Lo que comenzó como un procedimiento estándar para garantizar la seguridad vial de los vecinos derivó rápidamente en una persecución de película por diversas avenidas locales. El desesperado intento de un conductor por eludir la ley no solo encendió las alarmas de las fuerzas de seguridad, sino que culminó de la peor manera posible debido a un grosero error de cálculo en el terreno.
El aparatoso e infructuoso operativo de evasión vial requirió un despliegue inmediato de las fuerzas de seguridad locales. Un joven intentó escapar de un control policial y se encajó en una canal de riego.
El infractor, que circulaba en plena oscuridad en un rodado de mediana cilindrada, ignoró por completo las órdenes directas de los uniformados, desatando una cacería asfáltica que mantuvo en vilo a las patrullas operativas durante varios minutos.
Persecución salvaje: Del retén nocturno a la caza del GRIM
El dramático episodio se desencadenó alrededor de la 1 de la mañana de este sábado, específicamente en la intersección de las avenidas Juan Muzzio y Vicente López y Planes. En ese punto estratégico, el personal de la Comisaría Segunda de Puerto Madryn se encontraba desarrollando tareas de prevención e identificación de personas, además de exámenes de alcoholemia. Fue en ese preciso instante cuando el implicado arribó al puesto a bordo de una motocicleta Zanella de 150 centímetros cúbicos. Al recibir la voz de alto para proceder a la verificación de su identidad y los papeles del motovehículo, el conductor pateó el acelerador a fondo.
Haciendo caso omiso a las indicaciones de los agentes, el motociclista emprendió una rauda fuga por la calle Vicente López con dirección hacia el sur. Al ver la peligrosa maniobra evasiva, los efectivos del Grupo de Respuesta Inmediata Motorizada (GRIM) encendieron las sirenas e iniciaron una persecución feroz. El seguimiento a alta velocidad se extendió por varias arterias de la zona urbana hasta llegar a la concurrida rotonda ubicada en la intersección de la avenida Juan XXIII y la avenida del Trabajo, donde el prófugo tomó una decisión límite.
Atascado en el barro: La caída del prófugo de 23 años
En un intento desesperado por perder de vista a las motos policiales que le pisaban los talones, el joven conductor optó por tomar un arriesgado atajo por el lateral derecho de la avenida del Trabajo. Allí pretendió atravesar a toda velocidad un canal de riego de la zona. Sin embargo, la audaz jugada terminó de la peor manera: la Zanella 150 cc perdió tracción de inmediato y quedó completamente atascada en el denso barro del fondo de la fosa, cancelando toda posibilidad de escape y permitiendo que los agentes del GRIM lo redujeran de forma inmediata en el lugar.

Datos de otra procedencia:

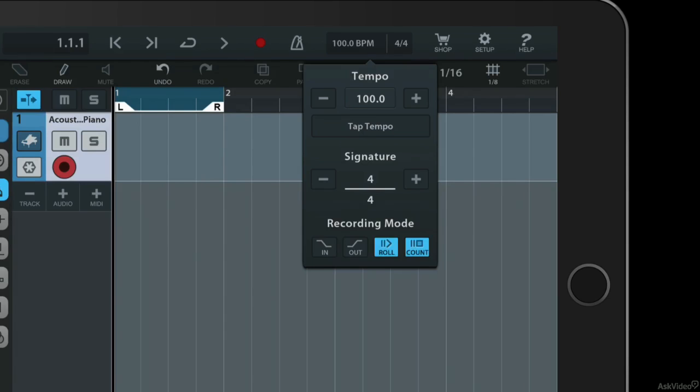Another option is called roll and what that does is it basically plays back a few bars of the music without starting the playhead. So it kind of gives you a run up, gives you a heads up so that you can get ready to play and record having heard a bit of the music before it's actually started recording.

Tras concretarse la aprehensión del sujeto, la fiscal de turno tomó intervención directa en el caso penal. La funcionaria judicial dispuso que el conductor, identificado oficialmente como Pablo Valentín B., de 23 años de edad, permanezca tras las rejas bajo la imputación formal del delito de desobediencia a la autoridad. En paralelo, las fuerzas policiales hicieron efectivo el secuestro e incautación del rodado, el cual fue trasladado a los playones oficiales y quedó a disposición exclusiva del Tribunal de Faltas local para determinar las multas correspondientes.